Vista la gravità del problema il nuovo piano nazionale di Sicurezza Cyber cercherà sia di implementare il coordinamento e l’interazione tra soggetti pubblici, privati e mondo della ricerca sia di accorciare e razionalizzare, rispetto al passato, la ‘catena di comando’ deputata alla gestione delle crisi. Per riuscire in questo obiettivo sarà fondamentale il nuovo ruolo attivo e centrale nell’architettura nazionale di sicurezza cibernetica del Direttore generale del Dipartimento delle Informazioni per la Sicurezza (DIS). Il Nucleo per la Sicurezza cibernetica, già esistente ma spostato ora sotto il controllo del DIS, invece, sarà una centrale operativa aperta 24 ore su 24 per ricevere gli avvisi di attacchi cyber e per stabilirne, nell’immediato, gravità e dimensioni. Il DIS, vista la sua nuova centralità, si occuperà, inoltre, di gestire i fondi assegnati dal governo per adottare le varie misure inerenti la sicurezza cyber del paese (nel 2016 la cifra stanziata per contrastare la minaccia cyber era stata di 150 milioni di euro).
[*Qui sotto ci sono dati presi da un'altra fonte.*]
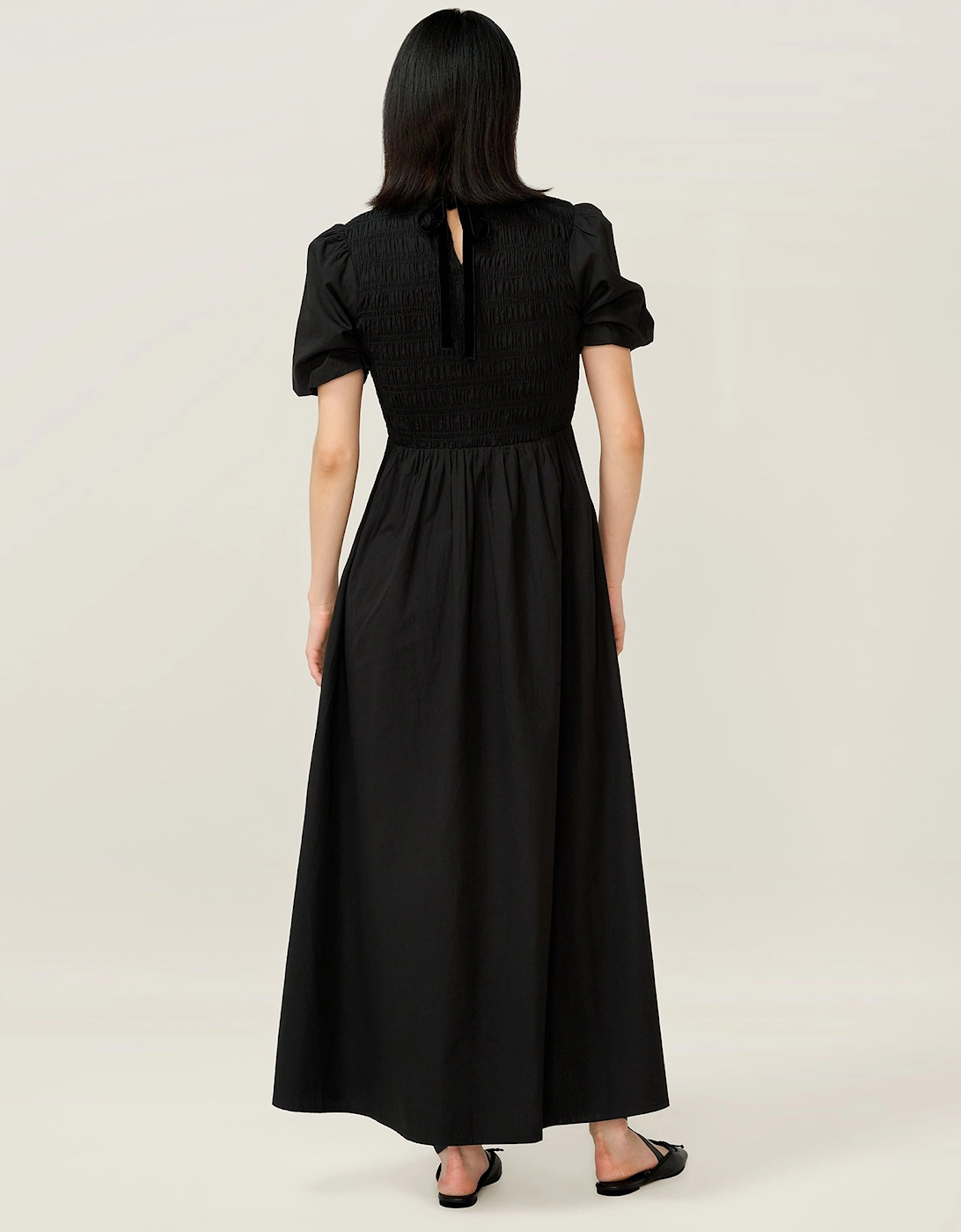 Orin Dress in Black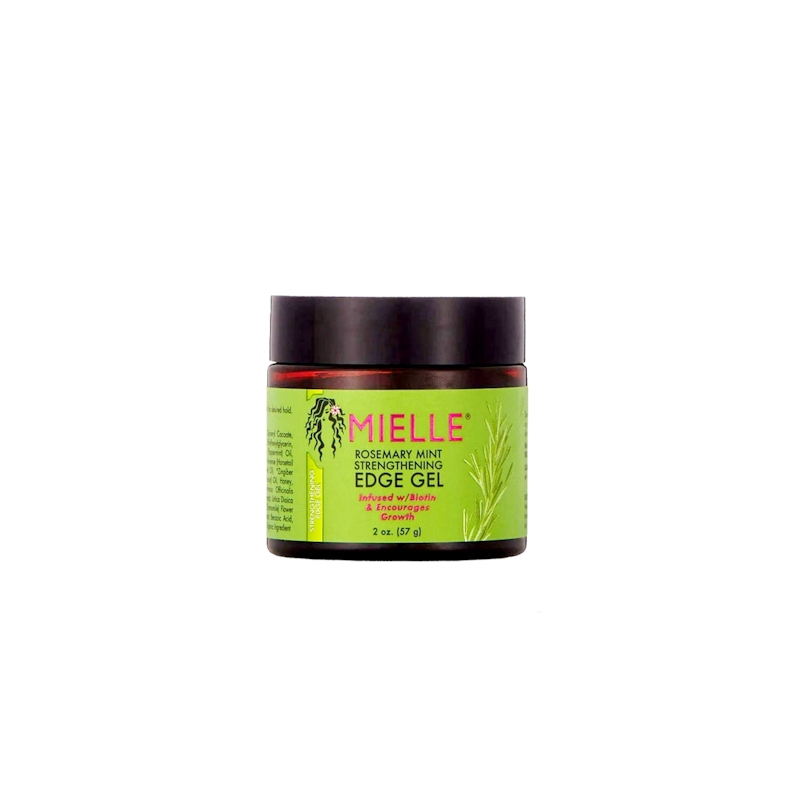 Mielle Rosemary Mint Hair Strengthening Edge Gel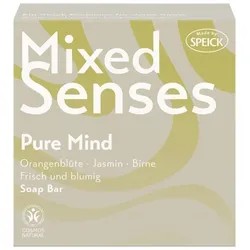 Speick Seife MIXED SENSES - Pure Mind (frisch & blumig)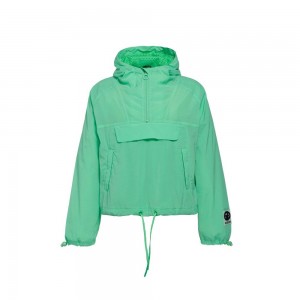 Bunda Goldbergh AVIC anorak Zelene | 136250-KVR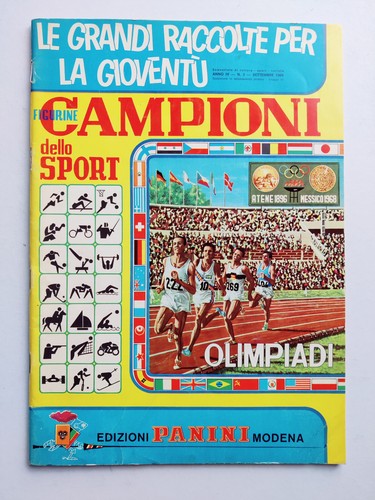 Album vuoto campioni dello - campioni,
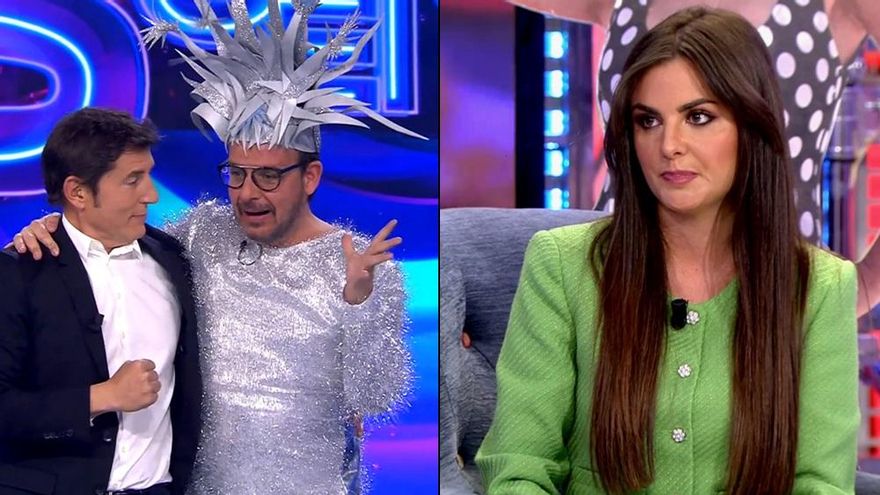 'Tu cara me suena' (22.2%) bloquea el paso al 'Deluxe' (10.9%) en su salto fallido al viernes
Gli altri obiettivi da perseguire nei prossimi mesi saranno inoltre: il potenziamento delle capacità di difesa delle infrastrutture critiche nazionali e degli attori di rilevanza strategica per il sistema-Paese; il miglioramento delle capacità tecnologiche, operative e di analisi degli attori istituzionali interessati; l’incentivazione della cooperazione tra istituzioni ed imprese nazionali; la promozione e diffusione della cultura della sicurezza cibernetica; il rafforzamento della cooperazione internazionale in materia di sicurezza cibernetica; e il rafforzamento delle capacità di contrasto alle attività e contenuti illegali online.
Basterà tutto questo a bloccare o limitare i futuri attacchi cyber nel nostro paese?